First trade edition. Quarto (8 1/4 x 6 5/8 in; 210 x 168 mm). x, 318 pp. Sixteen full color plates with captioned tissue guards, twenty-one drawings in black and white.
Publisher's gilt-stamped green cloth. Top edge stained green. Corners and spine extremities a little rubbed. A near fine copy.
The fairy tales in this book include:
The Story of Tuan mac Cairill
The Boyhood of Fionn
The Birth of Bran
The Wooing of Becfola
The Little Brawl at Allen
The Carl of the Drab Coat
The Enchanted Cave of Cesh Corran
Becuma of the White Skin
"Rackham's two great books of the twenties were James Stephens' Irish Fairy Tales of 1920 and Shakespeare's Tempest of 1926... Beyond the softness of style and inventiveness, the most striking thing about the colour plates for Irish Fairy Tales is the felicitous and appropriate use of celtic borders" (Gettings, p. 143).

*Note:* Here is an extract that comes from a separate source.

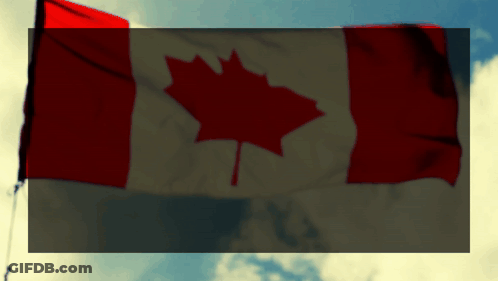 Blurred Canadian Flag With Maple Leaf GIF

"Rackham's books for the English market in the early post-war years included Flora Annie Steel's English Fairy Tales Retold (1918)… and his friend James Stephen's collection of Irish Fairy Tales… In the latter book, Rackham broke new ground in the illustration of Irish literature. He had been persuaded to tackle Stephens's stories by Walter Starkie, who had vowed to give his uncle 'no peace' until he had agreed to illustrate them. In writing the stories, Stephens had attempted to create an Irish equivalent of The Arabian Nights, his own poetic retelling of the stories which existed in the oral tradition and in Gaelic texts, but which had not appeared accessibly in print. Rackham rose to the occasion, and his nephew's haunting of him was justified. The Dublin Independent was particularly warm in welcoming the collection, remarking: 'We read English tales with appreciation because pictures have familiarised us with English imagery. A Fenian tale lacks imagery because we have no art to give it colour and shape to what are presently only names. Some of Mr. Rackham's pictures are pure poems - they set you dreaming." (Hamilton, p. 128).
Latimore and Haskell, p. 52. Riall, p. 138.